If a patient does not find busy backgrounds aggravating, we do not focus extensively on them. It’s crucial to allow patients to halt treatment if it becomes too much, reinforcing that it’s not about enduring pain. Treatment should be about finding the right balance and gently pushing the boundaries without causing distress.

Regarding motion sensitivity, especially post-concussion or with vestibular migraine, we start with mild exercises. For instance, we encourage patients to look from one object to another as they turn their head, which helps them adapt to motion without rapid movements.

We also address concerns like neck-related dizziness. While it’s debatable whether neck issues alone can cause dizziness, they often accompany vestibular disorders. As physical therapists, we are well-equipped to manage neck problems, ensuring proper movement and strength.

In terms of fall prevention, we educate patients about both modifiable and non-modifiable risk factors. Treatment plans are highly individualized, including strategies like using a BalanceWear vest if appropriate.

For patients who experience anxiety from falls, which can increase their risk of falling again, we provide tailored education and strategies to improve balance. We also encourage enjoyable activities and exercises that can help with dizziness and reduce fall risk.

Lastly, I want to highlight that the brain is remarkably adaptable. Early intervention is beneficial, and even longstanding issues like hypofunction can improve over time. We offer a range of tools and resources on our website, including DIY projects like printing your own otoconia with a 3D printer.

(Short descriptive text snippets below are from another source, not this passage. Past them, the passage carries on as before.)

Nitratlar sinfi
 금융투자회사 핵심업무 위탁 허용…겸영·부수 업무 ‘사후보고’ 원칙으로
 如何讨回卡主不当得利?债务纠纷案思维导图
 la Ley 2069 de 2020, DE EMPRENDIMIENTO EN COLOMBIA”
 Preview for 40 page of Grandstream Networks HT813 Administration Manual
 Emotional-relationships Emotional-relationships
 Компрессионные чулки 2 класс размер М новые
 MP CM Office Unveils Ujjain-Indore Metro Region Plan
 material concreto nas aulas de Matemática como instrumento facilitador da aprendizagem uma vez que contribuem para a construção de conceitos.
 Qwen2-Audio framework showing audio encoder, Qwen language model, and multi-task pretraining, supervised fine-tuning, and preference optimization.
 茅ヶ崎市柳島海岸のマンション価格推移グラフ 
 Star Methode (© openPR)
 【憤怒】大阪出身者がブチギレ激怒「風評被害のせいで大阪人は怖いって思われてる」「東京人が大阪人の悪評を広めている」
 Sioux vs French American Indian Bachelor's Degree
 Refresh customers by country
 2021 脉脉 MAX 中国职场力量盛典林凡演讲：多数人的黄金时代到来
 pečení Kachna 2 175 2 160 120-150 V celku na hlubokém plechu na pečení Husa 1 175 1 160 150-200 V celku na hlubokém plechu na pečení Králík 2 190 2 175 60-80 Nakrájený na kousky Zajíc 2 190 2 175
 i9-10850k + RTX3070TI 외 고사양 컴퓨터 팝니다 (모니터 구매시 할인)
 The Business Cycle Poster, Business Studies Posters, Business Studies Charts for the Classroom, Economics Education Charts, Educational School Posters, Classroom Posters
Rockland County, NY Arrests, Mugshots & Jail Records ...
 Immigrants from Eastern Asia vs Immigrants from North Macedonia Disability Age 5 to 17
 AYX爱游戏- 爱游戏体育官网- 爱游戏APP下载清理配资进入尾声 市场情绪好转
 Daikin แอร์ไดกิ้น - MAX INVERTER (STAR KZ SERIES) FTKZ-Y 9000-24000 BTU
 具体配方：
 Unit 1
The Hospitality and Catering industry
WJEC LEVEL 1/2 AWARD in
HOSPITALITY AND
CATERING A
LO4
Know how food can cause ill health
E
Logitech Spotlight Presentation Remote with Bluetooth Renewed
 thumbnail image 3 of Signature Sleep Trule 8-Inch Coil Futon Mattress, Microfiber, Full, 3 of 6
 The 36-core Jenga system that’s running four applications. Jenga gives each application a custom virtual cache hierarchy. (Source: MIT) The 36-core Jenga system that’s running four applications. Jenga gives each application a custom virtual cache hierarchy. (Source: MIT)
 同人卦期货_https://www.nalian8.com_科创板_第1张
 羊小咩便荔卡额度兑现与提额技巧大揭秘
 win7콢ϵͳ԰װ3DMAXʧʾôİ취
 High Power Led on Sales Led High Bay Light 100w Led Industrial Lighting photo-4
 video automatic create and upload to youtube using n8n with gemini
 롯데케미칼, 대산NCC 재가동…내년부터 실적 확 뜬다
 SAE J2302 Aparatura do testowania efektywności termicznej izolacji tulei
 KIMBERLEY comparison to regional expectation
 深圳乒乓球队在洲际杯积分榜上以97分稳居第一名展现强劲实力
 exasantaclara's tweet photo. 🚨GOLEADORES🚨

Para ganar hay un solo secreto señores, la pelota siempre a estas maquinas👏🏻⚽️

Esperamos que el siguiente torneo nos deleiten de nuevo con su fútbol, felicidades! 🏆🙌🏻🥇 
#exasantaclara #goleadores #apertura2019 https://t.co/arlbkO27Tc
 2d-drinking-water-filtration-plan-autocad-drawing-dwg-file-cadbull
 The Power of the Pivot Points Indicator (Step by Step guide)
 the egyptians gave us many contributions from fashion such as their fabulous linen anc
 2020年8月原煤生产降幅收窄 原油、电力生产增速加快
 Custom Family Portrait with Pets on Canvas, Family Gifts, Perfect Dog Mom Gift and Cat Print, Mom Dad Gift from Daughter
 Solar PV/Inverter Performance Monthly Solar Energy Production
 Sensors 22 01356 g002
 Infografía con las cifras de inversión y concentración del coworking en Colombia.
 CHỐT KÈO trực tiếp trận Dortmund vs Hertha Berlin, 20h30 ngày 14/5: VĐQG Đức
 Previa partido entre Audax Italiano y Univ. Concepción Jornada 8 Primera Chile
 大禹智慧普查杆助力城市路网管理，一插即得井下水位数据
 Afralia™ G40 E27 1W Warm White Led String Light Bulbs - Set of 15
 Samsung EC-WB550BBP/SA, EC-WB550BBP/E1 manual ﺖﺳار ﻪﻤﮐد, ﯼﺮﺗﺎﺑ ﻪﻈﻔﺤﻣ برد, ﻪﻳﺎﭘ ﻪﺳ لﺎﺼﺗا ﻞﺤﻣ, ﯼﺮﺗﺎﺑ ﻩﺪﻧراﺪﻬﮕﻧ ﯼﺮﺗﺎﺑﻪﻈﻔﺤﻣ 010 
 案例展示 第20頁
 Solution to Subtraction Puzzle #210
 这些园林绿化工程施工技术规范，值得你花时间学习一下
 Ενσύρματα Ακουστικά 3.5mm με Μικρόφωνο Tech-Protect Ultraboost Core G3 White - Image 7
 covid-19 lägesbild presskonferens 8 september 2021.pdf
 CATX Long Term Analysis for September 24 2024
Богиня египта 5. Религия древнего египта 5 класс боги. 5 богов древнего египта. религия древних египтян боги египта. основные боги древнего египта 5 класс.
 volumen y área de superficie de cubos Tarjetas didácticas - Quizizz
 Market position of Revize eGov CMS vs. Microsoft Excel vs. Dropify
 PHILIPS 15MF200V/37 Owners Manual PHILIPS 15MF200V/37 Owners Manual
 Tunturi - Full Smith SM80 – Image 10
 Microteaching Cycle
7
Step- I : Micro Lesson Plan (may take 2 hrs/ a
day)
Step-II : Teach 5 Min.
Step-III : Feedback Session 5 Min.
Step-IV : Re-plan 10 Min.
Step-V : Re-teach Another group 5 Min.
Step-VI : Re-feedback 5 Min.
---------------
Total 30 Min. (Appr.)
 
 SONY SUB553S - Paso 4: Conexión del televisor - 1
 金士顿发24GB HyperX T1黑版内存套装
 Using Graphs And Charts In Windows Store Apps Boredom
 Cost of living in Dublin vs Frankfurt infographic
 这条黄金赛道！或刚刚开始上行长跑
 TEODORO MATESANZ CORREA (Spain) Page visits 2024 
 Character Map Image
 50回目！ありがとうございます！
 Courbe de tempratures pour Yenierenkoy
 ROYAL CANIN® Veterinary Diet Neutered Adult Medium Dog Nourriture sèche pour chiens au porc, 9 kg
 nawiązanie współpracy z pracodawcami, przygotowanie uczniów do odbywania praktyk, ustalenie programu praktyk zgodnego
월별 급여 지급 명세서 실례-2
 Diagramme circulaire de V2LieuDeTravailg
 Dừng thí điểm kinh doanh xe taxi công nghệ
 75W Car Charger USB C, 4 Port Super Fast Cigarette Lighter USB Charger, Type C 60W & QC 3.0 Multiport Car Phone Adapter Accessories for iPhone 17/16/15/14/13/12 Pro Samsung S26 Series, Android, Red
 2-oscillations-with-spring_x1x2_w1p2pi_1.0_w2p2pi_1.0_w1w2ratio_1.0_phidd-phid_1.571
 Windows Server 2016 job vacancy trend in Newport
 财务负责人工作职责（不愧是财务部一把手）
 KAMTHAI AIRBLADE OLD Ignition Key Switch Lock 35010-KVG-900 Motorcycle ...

In summary, our approach is proactive and personalized, focusing on gradual improvement and patient comfort. We aim to empower our patients with knowledge and tools to manage their conditions effectively.

 

gfx2

Conclusion

Dr. Esmonde:

Alright. Patient education is crucial, and I realize this session has extended well beyond an hour. My apologies to everyone watching, and kudos to those who stayed with us. This is typical when you bring together four passionate individuals eager to educate about vestibular conditions. I hope the viewers find this useful in some way. Continue to be creative, utilize your tools, and access the resources provided by our highly qualified and brilliant speakers. Is there’s anything on your slide, DeJ’a, that you want to point out?

Dr. Crippen:

We’ve covered everything essential. It’s mostly a summary of various aspects of my work, including publications. Besides my vestibular advocacy, I’m also deeply involved in minority advocacy in various fields.

Dr. Esmonde:

That’s wonderful. Madison, would you like to add anything?

Dr. Oak:

Yes, on September 15th, my podcast, “Grounded: The Vestibular Podcast,” launches. It’s perfect for patient education. For those struggling to educate their patients, this podcast offers an accessible and free resource. Listening can be easier than reading or watching, so I recommend giving it a try. Also, follow me at The Vertigo Doctor on all platforms.

Dr. Esmonde:

Excellent. Danielle, anything you’d like to highlight?

Dr. Tolman:

Most of my points are covered, but for those interested in further resources, check out Vestibular First’s website. They offer various educational tools, from an anatomically accurate fluid-filled headband to functional inner ear models, and even educational jewelry that’s true to size. It’s a treasure trove for anyone deeply interested in vestibular topics.

Dr. Esmonde:

Thank you, everyone, for your time and insights. I appreciate it immensely and hope you all join us next month. We’ll be discussing dysautonomia and concussions, exploring more about vestibular conditions. Thank you, ladies, for your brilliant contributions. Take care, everyone.